In Athens, parrhesia underpinned the democracy. For a democracy to flourish, or even merit the name, citizens must be free, able, and willing to speak their mind. Free speech not only enables a democracy, but also legitimizes its laws and protects it from aspiring tyrants. Undermine free speech, and you undermine democracy—which is why free speech is enshrined in the First Amendment to the U.S. Constitution. Undermine free speech, and you undermine human dignity, which is why free speech is enshrined in Article 19 of the United Nations Universal Declaration of Human Rights:

Everyone has the right to freedom of opinion and expression; this right includes freedom to hold opinions without interference and to see, receive, and impart information and ideas through any media and regardless of frontiers.

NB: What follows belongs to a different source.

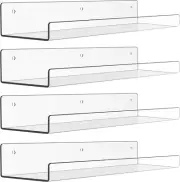 4pcs 15 inch Acrylic Invisible Floating Wall Ledge Display Shelves Organizer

“Free speech” is something of a misnomer. It includes not only free speech but also other forms of expression, such as writing a book, drawing a cartoon, or burning a flag. Taking inspiration from the French libre expression, we might more accurately refer to “free speech” as “freedom of expression”.

Today, many people, especially younger people, believe that freedom of expression can conflict with minority rights, and ought to be curbed to promote a more inclusive society. Is this argument worth entertaining?


Let’s begin by looking more closely at the benefits of free speech. Often, it is by articulating it to others that we are able to determine what we think on a particular issue. And in arriving at what we think, it helps if we are being encouraged, assisted, and challenged—which is why tutorials and communal meals are (or ought to be) an important part of university life.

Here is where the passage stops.